Capítulo 11

 

 

Junio de 1602

 

 

A los pocos días de la visita a las atarazanas, Inés consiguió los permisos de la Casa de la Contratación, previo soborno de unos cuantos oficiales que pusieron ciertas restricciones a concedérselo, alegando la premura del viaje y que la joven no viajaba bajo la protección de algún pariente varón.

Ese mismo día firmó ante notario las cartas del fletamento y luego, por la tarde, envió al cochero a la Taberna del Gato Loco con un billete en el que le decía que lo esperaba en la iglesia Mayor para tratar el asunto del malotaje.

—No me parece un lugar adecuado para quedar, está demasiado cerca de casa. Nos pueden ver cualquiera de nuestros conocidos y contárselo a vuestro tío. ¡Incluso vuestro mismo tío puede estar en la iglesia esta tarde! —protestaba la dueña mientras ayudaba a Inés a colocarse un capotillo de damasco negro.

—Nos hemos pasado la mañana fuera —explicó Inés—, si cogemos el carruaje otra vez sí que vamos a despertar sospechas.
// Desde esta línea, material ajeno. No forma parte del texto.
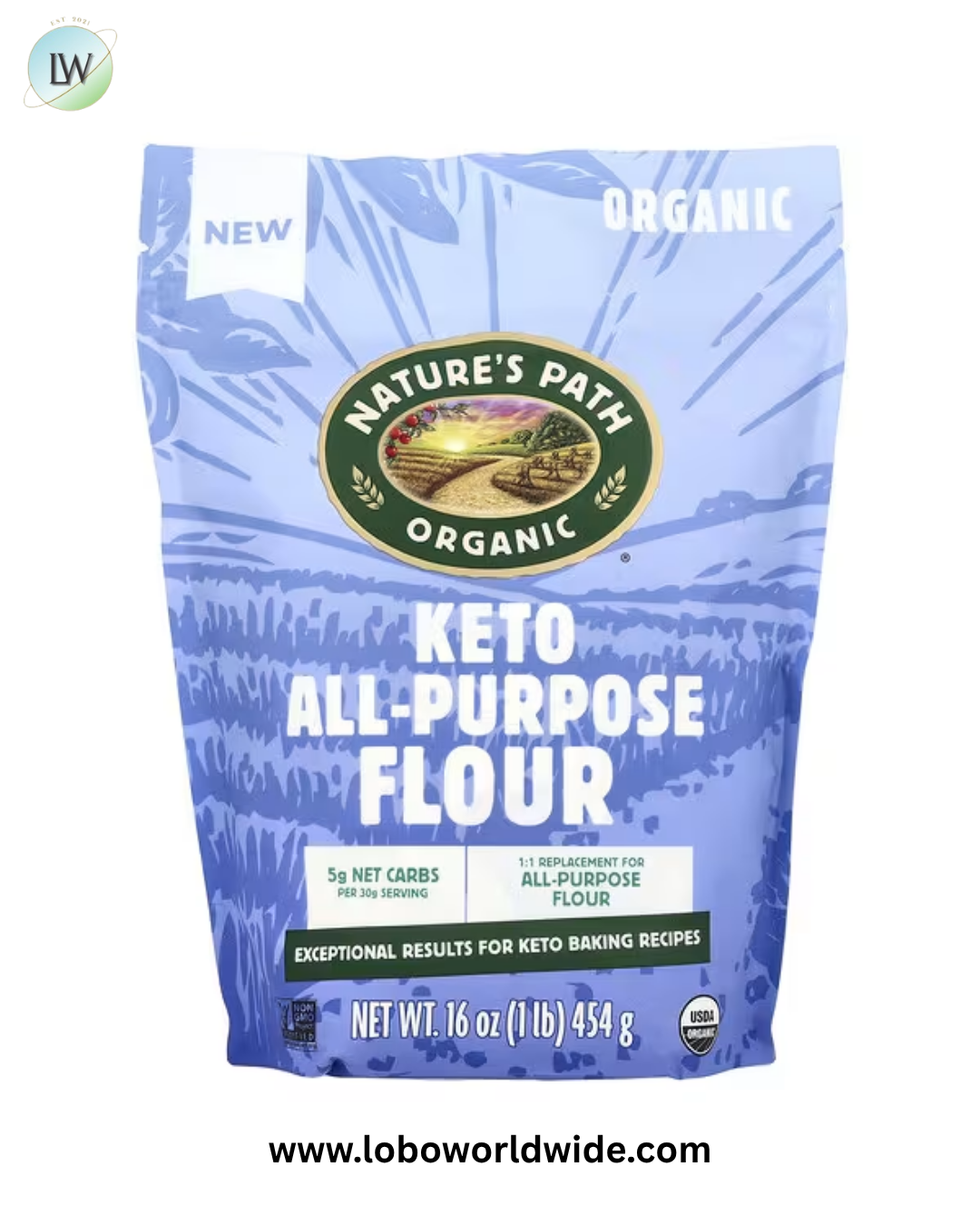 Nature's Path, Organic Keto All-Purpose Flour, 16 oz (454 g)
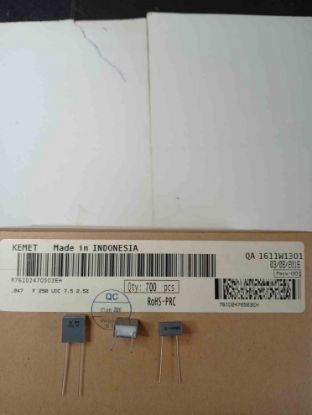 R76ID2470503EH 47NF 250V 7.5 0.025 KEMET POLYESTER KONDANSATÖR resmi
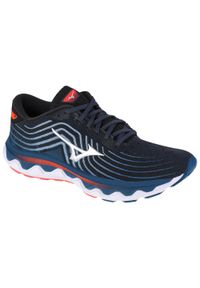 Buty do biegania męskie Mizuno Wave Horizon 6. Kolor: czarny, wielokolorowy, niebieski. Model: Mizuno Wave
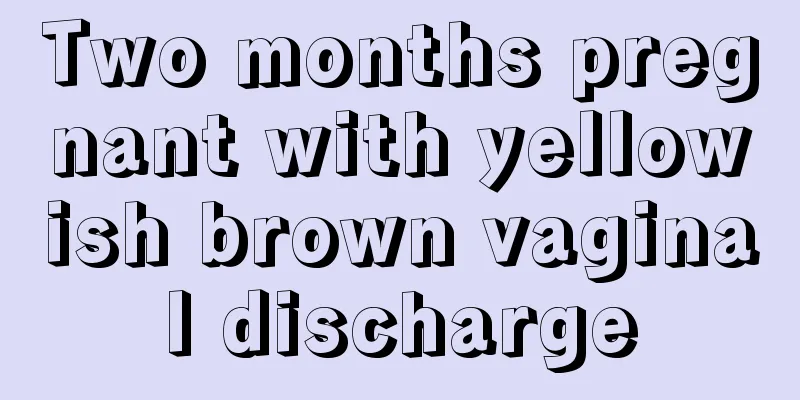 Two months pregnant with yellowish brown vaginal discharge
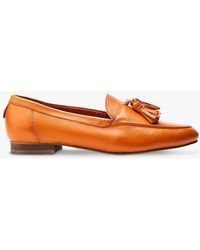 Moda In Pelle - Ellmia Leather Loafers - Lyst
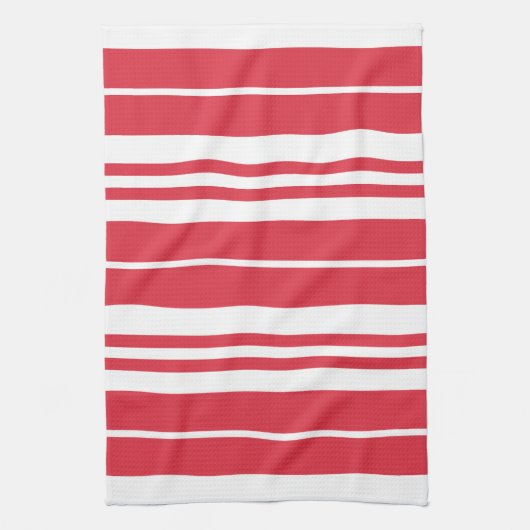 Rote weiße Streifen Küste Geschirrtuch (Vertikal)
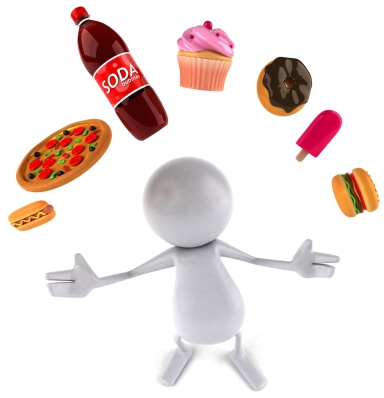 junk food, refined sugar, refined carbohydrate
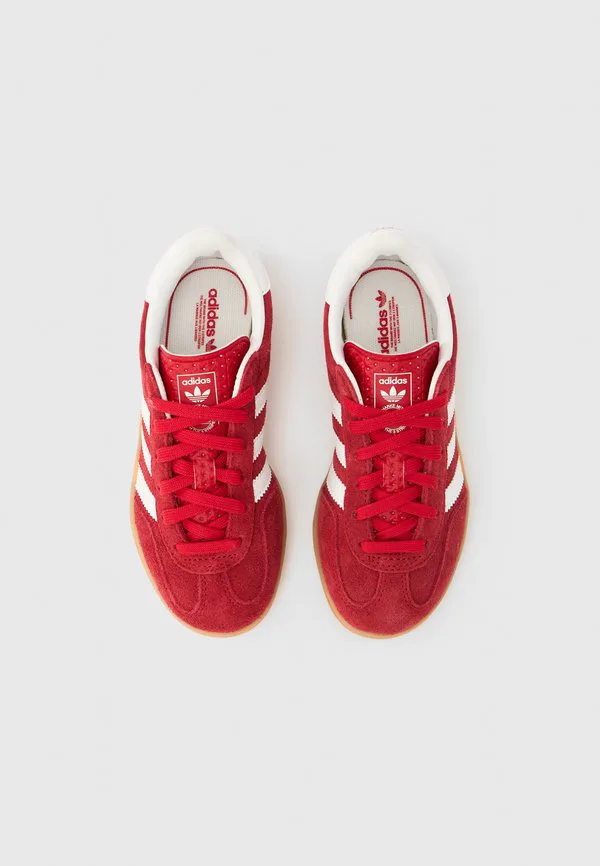 Кроссовки gazelle для дома, унисекс Adidas Originals, Better Scarlet/White/Gum — фото 4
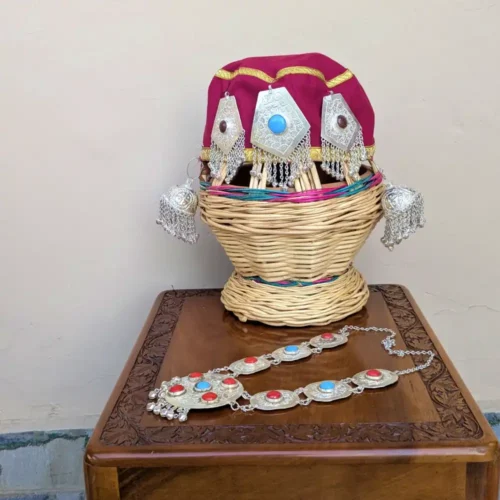 Beautiful Kasaba | Kashmiri Bridal Headwear with Traditional Ornaments
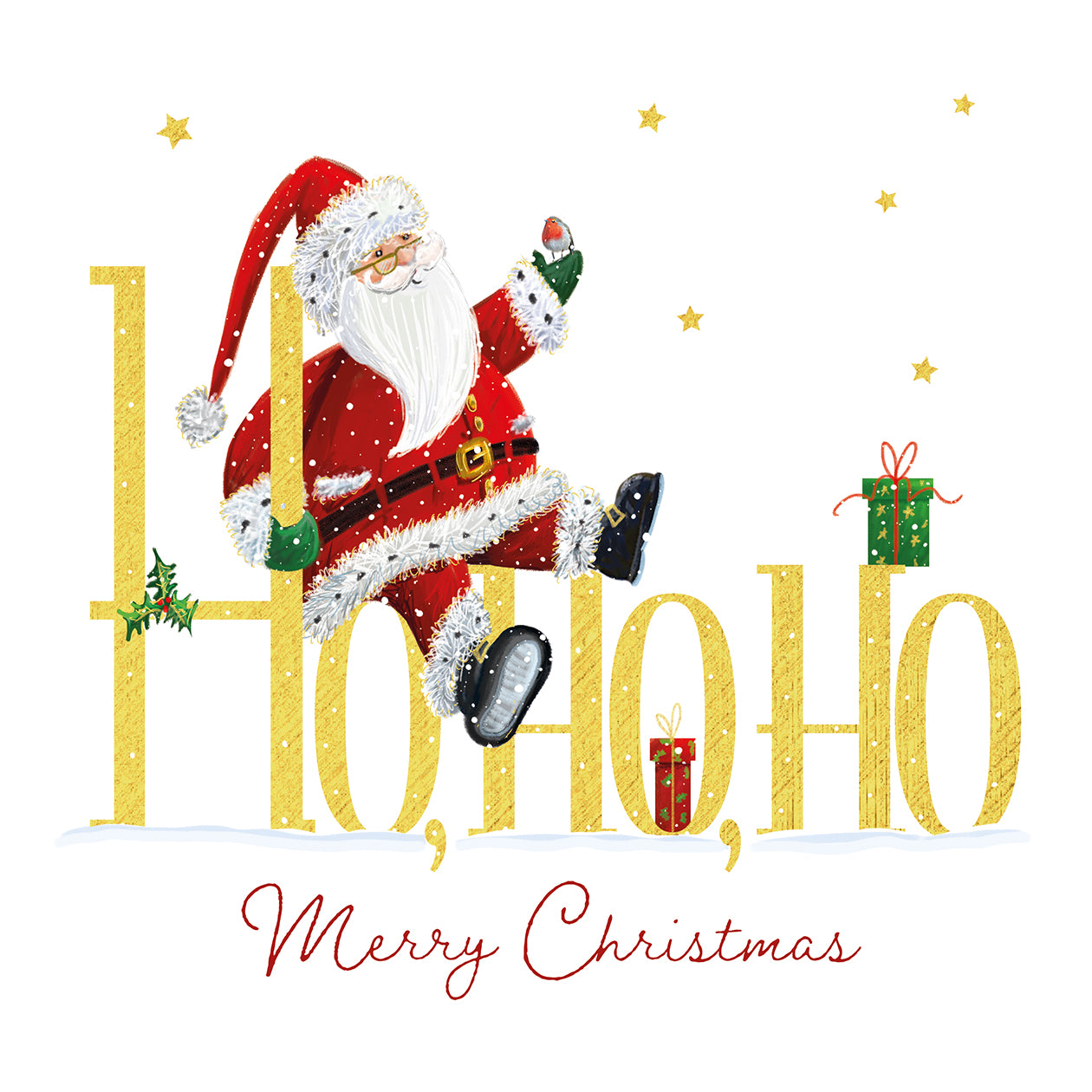 St Ann's Hospice 'Ho Ho Ho Santa' Pack of 10 Charity Christmas Greetings Cards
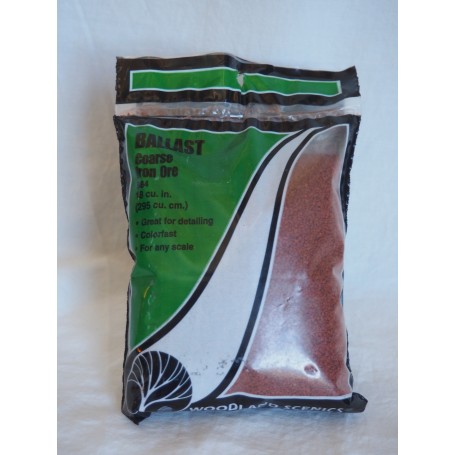 Woodland Scenics B84 (HO) Ballast - Coarse - 12oz 340g -- Iron Ore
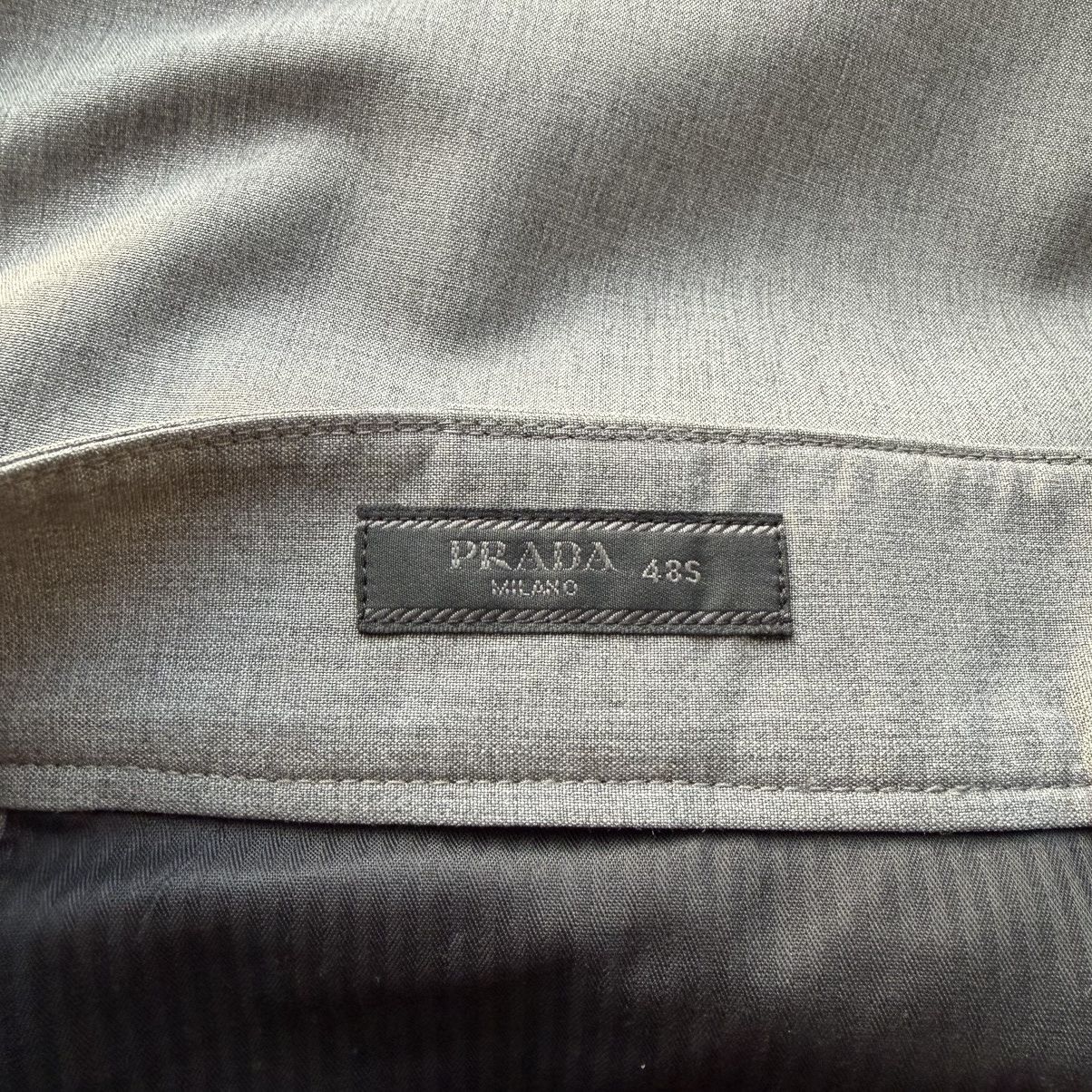 Prada S/S 24 Wide Leg Wool Work Pants Size US 32 / EU 48 - 5 Thumbnail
Hacedme caso, lo más seguro es quedar en la iglesia. Nos sentaremos en bancos separados y nadie se percatará de nada…

Así lo hicieron. Cuando llegaron a la iglesia Mayor, Pedro estaba sentado en el último banco con la mirada puesta en la espectacular techumbre.

Inés se sentó delante de él y la dueña se marchó a poner unas velas. Pedro, entonces, se arrodilló y susurró casi al oído de Inés:

—Buenas tardes, condesa. ¿Habéis conseguido los permisos?

—Buenas tardes, Pedro —musitó, girando la cabeza hacia un lado para que Pedro pudiera escucharla—. Sí. Está todo. También hemos estado en el notario, ya están firmadas las cartas de fletamento.

—Estupendo.

No era estupendo. Era terrible. Ya solo quedaban unos días y su dama se iría allende los mares.

—Condesa, ¿puedo haceros una pregunta?

—Decidme.

El perfil de su dama era tan hermoso, la frente ancha, la naricilla con la punta redondeada, la boca de fresa, el pequeño lunar, la barbilla sinuosa, su largo cuello… Podría pasarse la vida entera mirándola, pero ella estaba esperando una pregunta.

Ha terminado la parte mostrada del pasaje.